Top-k
Top-k Sampling
A sampling method where the model only considers the K most likely tokens when picking the next one.
For every token, an LLM assigns a probability to every token in the vocabulary (usually 32K-256K). Most have near-zero probability but can still get sampled — that's why long-tail nonsense words occasionally sneak in. Top-k cuts the tail: only the K most likely tokens are kept as candidates.
Practical values: - k = 1: greedy decoding — always pick the top token. Fully deterministic. - k = 5-10: very narrow — clean grammar but repetitive and cliché. - k = 40 ★: common default. Good balance of variety and quality. - k = 100+: opens the long tail — more creative, more risk.
Difference from top-p (nucleus): top-k keeps a fixed number of candidates; top-p keeps a variable number based on a probability threshold. Top-p adapts better — narrows in low-entropy spots, widens in high-entropy ones. Production usually picks top-p (0.9), but some runtimes (llama.cpp, Ollama) keep both on by default.
Picking from a restaurant menu. Whole menu open (k=∞) — you might be served a weird leftover. Top 5 dishes (k=5) — safe but always the same 3-4 picks. Top 40 (k=40) — enough variety, weird outliers excluded.
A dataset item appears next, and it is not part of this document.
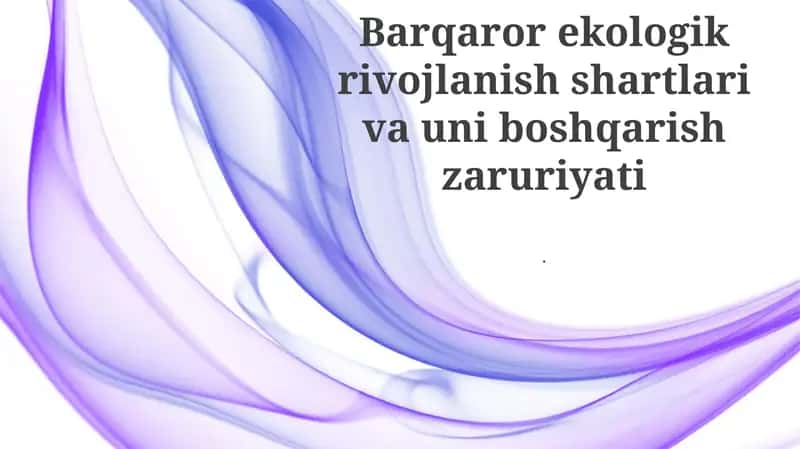 Barqaror ekologik rivojlanishni aniqlash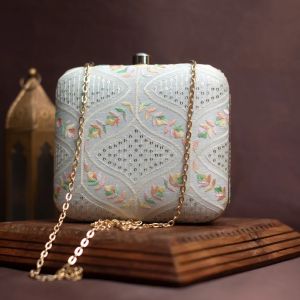 Artklim White Sequins Embroidery Party Women Clutch Bag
Top-k caps "how long the menu the model considers" is.
Prompt: "The capital of Turkey is …"
k = 1 (greedy): "Ankara." (always, one option)
k = 40, T = 0.7: usually "Ankara.", sometimes "Ankara, the capital city.", or "Ankara, located in central Anatolia." — paraphrases.
k = 1000, T = 1.2: "Ankara, though historically Istanbul..." — the long tail can derail the answer.
Llama.cpp defaults to --top-k 40 --top-p 0.9 --temp 0.8. This trio is
a solid starting point for chat.
- Low-level sampling control (llama.cpp, Ollama)
- Combined with top-p — one caps the tail, the other adapts to entropy
- Deterministic tests that need greedy decoding (k=1)
- Extra guarantee when also using very low temperature
- Reasoning models (o1, Claude reasoning) — no manual sampling tuning
- OpenAI/Anthropic APIs — they don't expose top-k, only top-p
- When top-p alone is producing good output — keep it simple
Very low k = repetition
k=5 traps the model in the same 5-token pool; long outputs collapse into 'saying the same thing again'. Pair with a repetition penalty.
Aggressive top-k + top-p combination
k=10 + p=0.5 + T=1.5 = chaos. Tune one, leave the other at default. Most guides agree: tune one knob, not three.
Provider API differences
OpenAI and Anthropic don't expose top-k. llama.cpp, Ollama, vLLM do. If you have a multi-provider abstraction, this knob can't normalize cleanly.